Johanne Sloan
Johanne Sloan is Professor of Art History at Concordia University in Montreal. Her teaching and research encompass aspects of Canadian and international art since the 1960s, urban art and visual culture, and landscape art and aesthetics. She is the principal investigator for the collaborative research project Networked Art Histories: Assembling Contemporary Art in Canada, funded by the Social Sciences and Humanities Research Council of Canada (2013–16). She has written on the aesthetics of material culture (catalogue for Québec Triennial 2011, Musée d’art contemporain de Montréal), and has described how contemporary artists are reinterpreting the plein air artistic gesture (catalogue for À ciel ouvert: Le nouveau pleinairisme, Musée national des beaux-arts du Québec, 2012). She co-edited, with Rhona Richman Kenneally, Expo 67: Not Just a Souvenir (University of Toronto Press, 2010) and continues to conduct research on the expanded-cinema experiments at Montreal’s Expo 67. She also edited the interdisciplinary volume of essays Urban Enigmas: Montreal, Toronto and the Problem of Comparing Cities (McGill-Queen’s University Press, 2007).
She has published extensively on Joyce Wieland as an artist and filmmaker, including Joyce Wieland’s The Far Shore (University of Toronto Press, 2010), about Wieland’s 1976 feature film.
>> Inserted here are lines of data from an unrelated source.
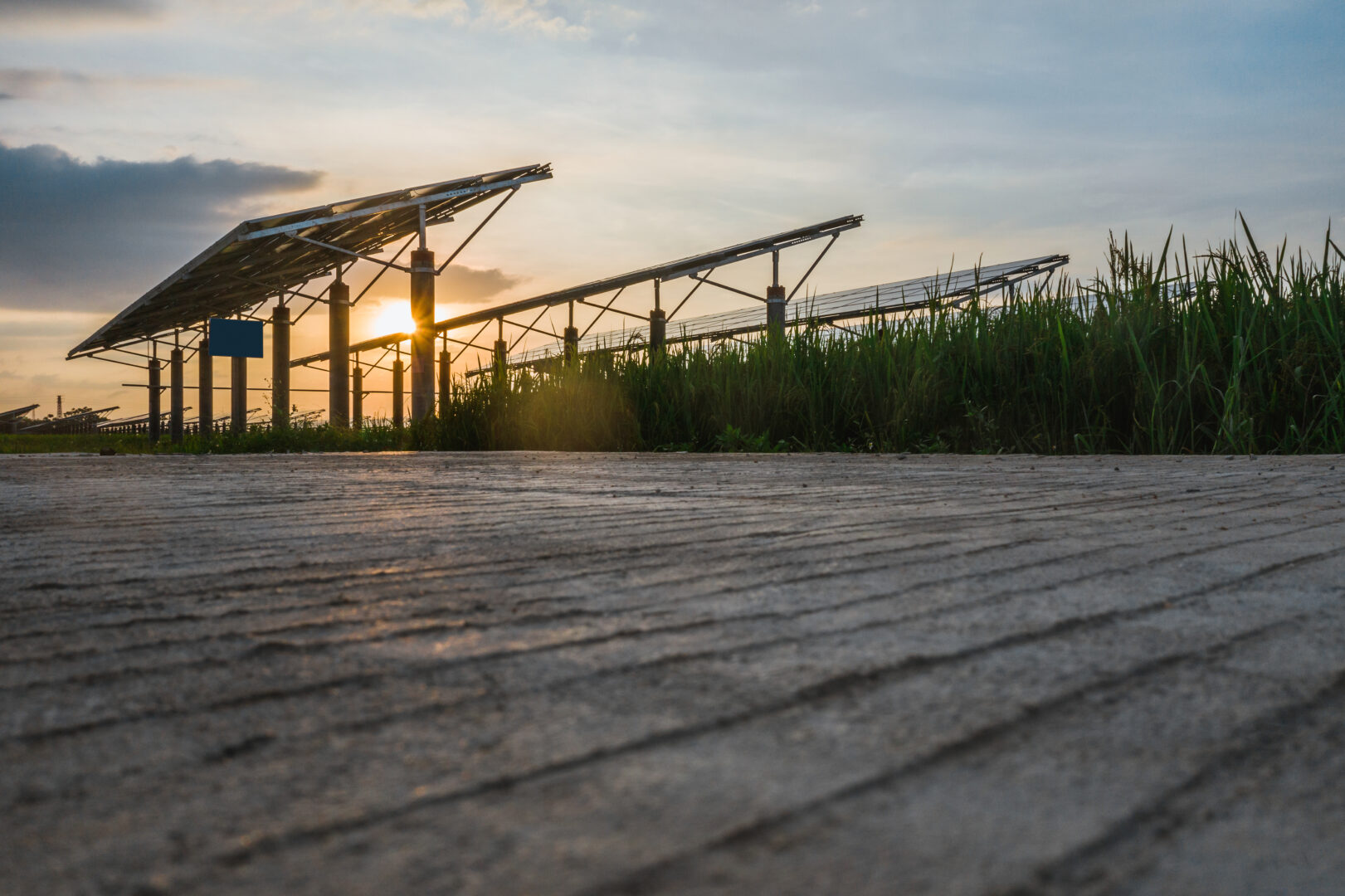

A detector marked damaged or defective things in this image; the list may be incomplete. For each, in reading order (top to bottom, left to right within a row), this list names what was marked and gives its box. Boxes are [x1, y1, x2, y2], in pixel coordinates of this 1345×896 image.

cracked concrete [2, 455, 1345, 893]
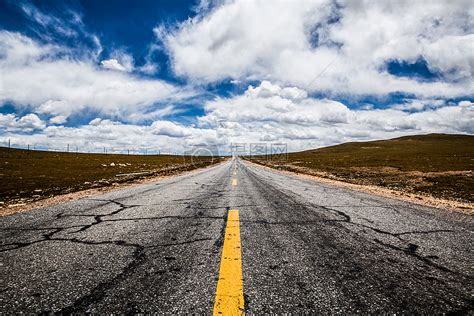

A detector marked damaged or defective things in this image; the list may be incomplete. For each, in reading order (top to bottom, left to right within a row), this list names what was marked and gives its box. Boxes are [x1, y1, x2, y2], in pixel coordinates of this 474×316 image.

cracked asphalt surface [0, 158, 474, 314]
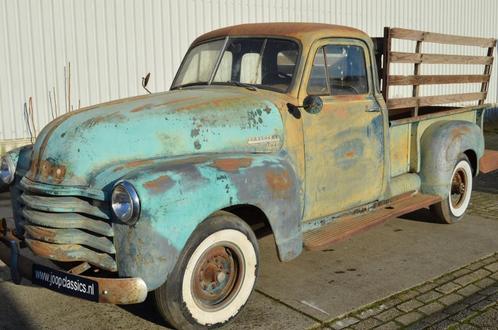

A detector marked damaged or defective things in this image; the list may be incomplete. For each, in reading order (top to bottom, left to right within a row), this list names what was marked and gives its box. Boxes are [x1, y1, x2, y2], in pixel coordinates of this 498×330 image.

rusty hood [26, 87, 284, 188]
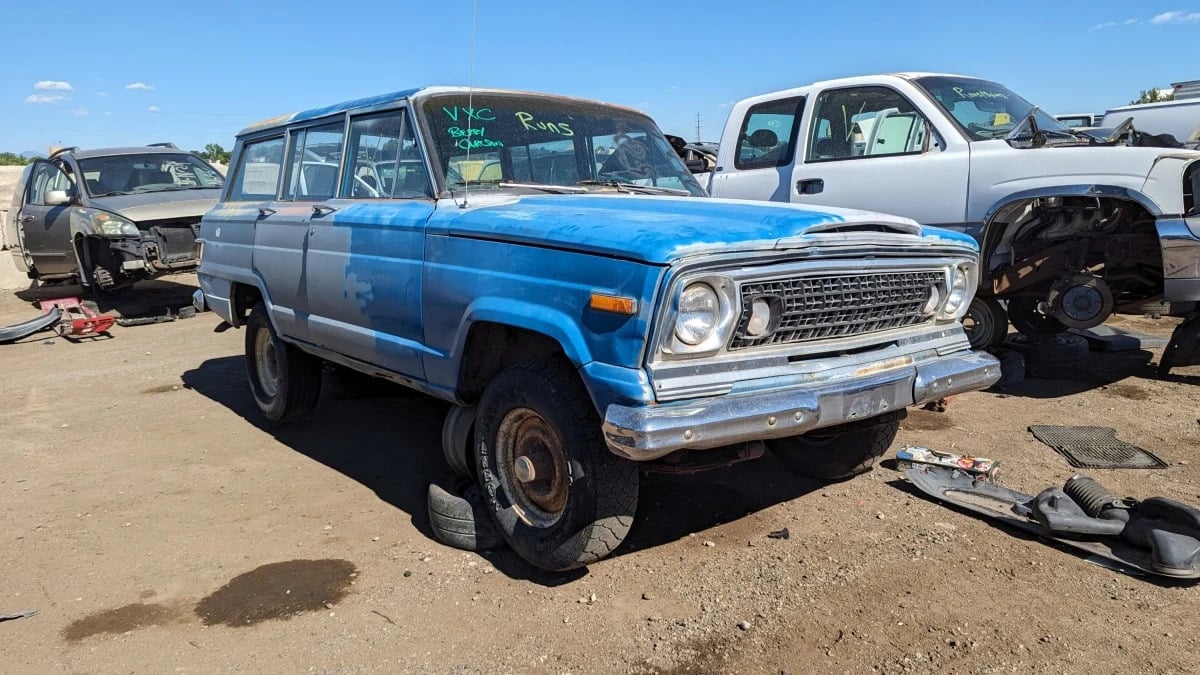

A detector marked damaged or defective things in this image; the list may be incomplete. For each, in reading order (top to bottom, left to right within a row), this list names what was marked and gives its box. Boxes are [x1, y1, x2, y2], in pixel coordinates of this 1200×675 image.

car with missing wheel [7, 142, 225, 290]
wrecked car hood [87, 190, 224, 222]
wrecked car hood [422, 193, 974, 264]
car with missing wheel [199, 86, 1003, 569]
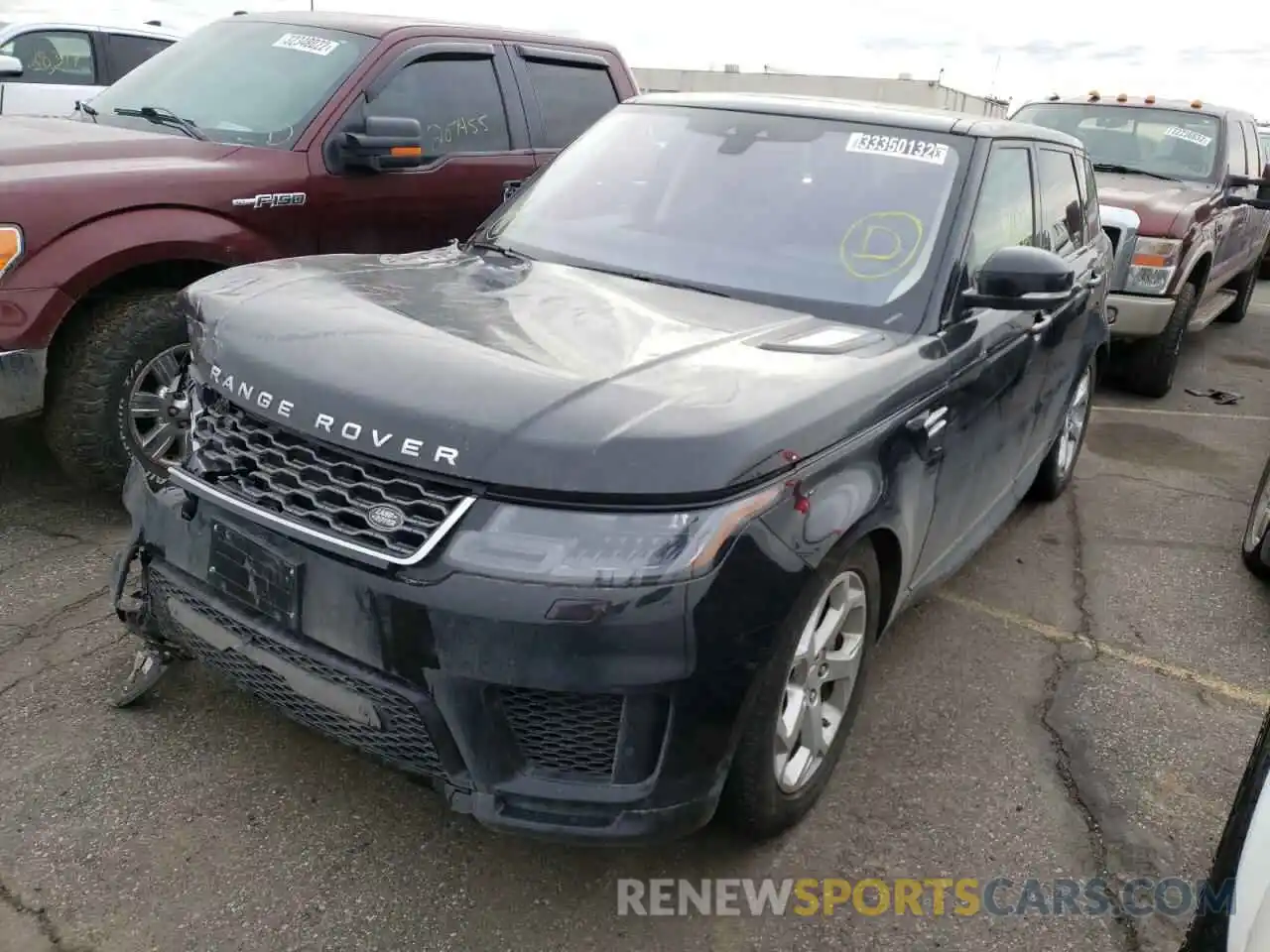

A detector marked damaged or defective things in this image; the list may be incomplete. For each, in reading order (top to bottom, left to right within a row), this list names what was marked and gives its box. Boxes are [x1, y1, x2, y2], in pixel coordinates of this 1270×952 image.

crumpled hood [0, 116, 236, 181]
crumpled hood [1091, 173, 1208, 237]
crumpled hood [182, 246, 935, 500]
crack in pavement [1041, 487, 1143, 949]
crack in pavement [0, 878, 94, 949]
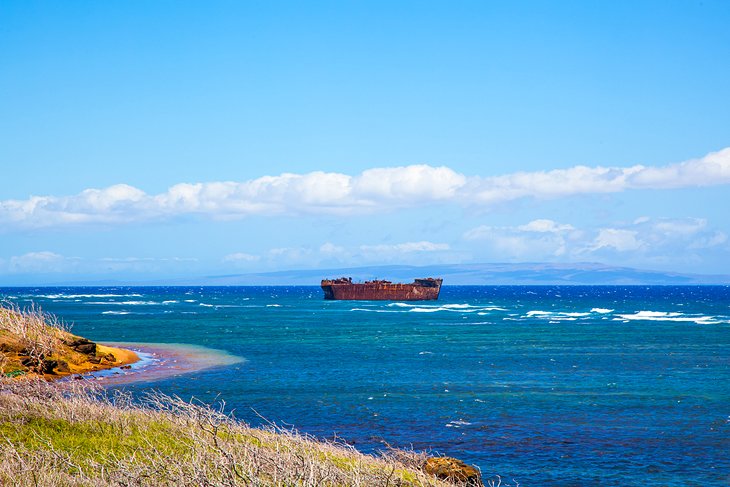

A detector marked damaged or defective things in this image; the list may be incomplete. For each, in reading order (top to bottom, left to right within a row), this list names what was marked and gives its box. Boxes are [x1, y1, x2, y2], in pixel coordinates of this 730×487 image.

rusted shipwreck [320, 278, 444, 302]
rusty ship hull [320, 278, 444, 302]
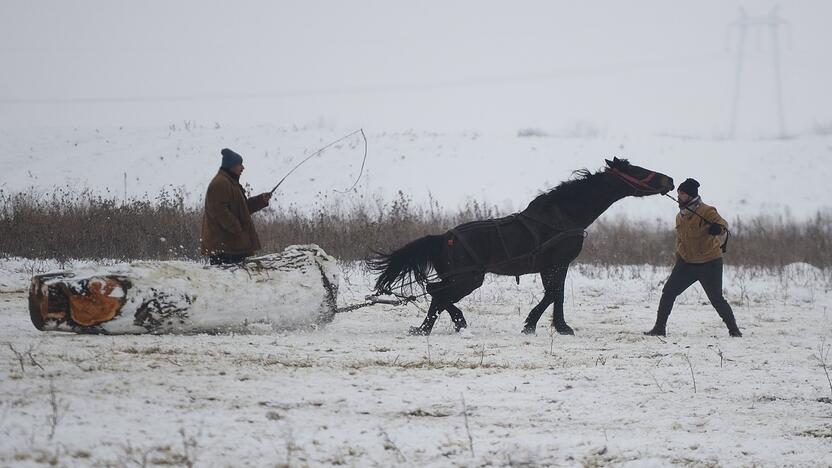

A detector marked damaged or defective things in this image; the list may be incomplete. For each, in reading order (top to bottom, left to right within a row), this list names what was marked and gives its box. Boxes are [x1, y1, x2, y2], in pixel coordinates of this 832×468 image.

orange rust patch [69, 278, 123, 326]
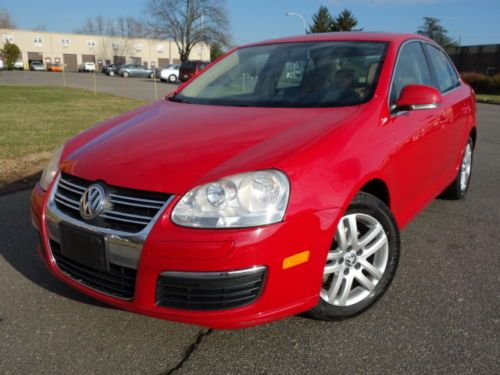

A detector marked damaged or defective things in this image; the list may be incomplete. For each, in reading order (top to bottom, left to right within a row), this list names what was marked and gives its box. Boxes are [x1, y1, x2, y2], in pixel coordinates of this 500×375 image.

pavement crack [162, 328, 213, 374]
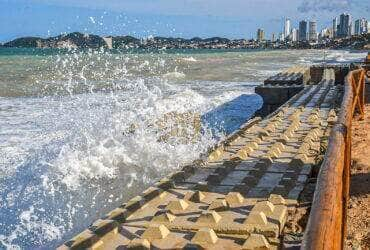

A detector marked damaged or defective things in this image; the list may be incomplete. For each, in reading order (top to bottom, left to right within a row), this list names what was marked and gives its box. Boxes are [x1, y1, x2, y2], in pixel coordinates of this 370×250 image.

rusty metal bar [302, 68, 366, 250]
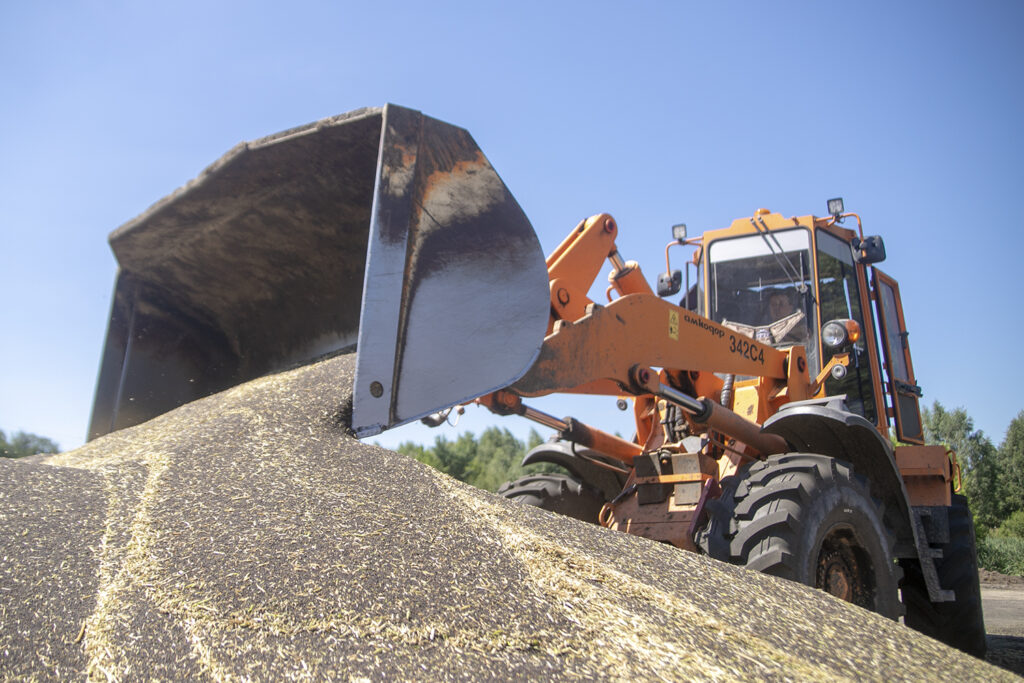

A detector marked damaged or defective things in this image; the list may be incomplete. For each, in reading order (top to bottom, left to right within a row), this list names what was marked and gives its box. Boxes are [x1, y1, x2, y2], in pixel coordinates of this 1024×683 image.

rusty metal surface [91, 104, 548, 440]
She places Wieland in the context of countercultural and “new left” politics in “Joyce Wieland at the Border: Nationalism, the New Left, and the Question of Political Art in Canada” (Journal of Canadian Art History, 2005), and considers the conceptually inflected landscape art of both Joyce Wieland and Michael Snow in “Joyce Wieland and Michael Snow: Conceptual Landscape Art,” in Beyond Wilderness: The Group of Seven, Canadian Identity, and Contemporary Art, edited by John O’Brian and Peter White (McGill-Queen’s University Press, 2007).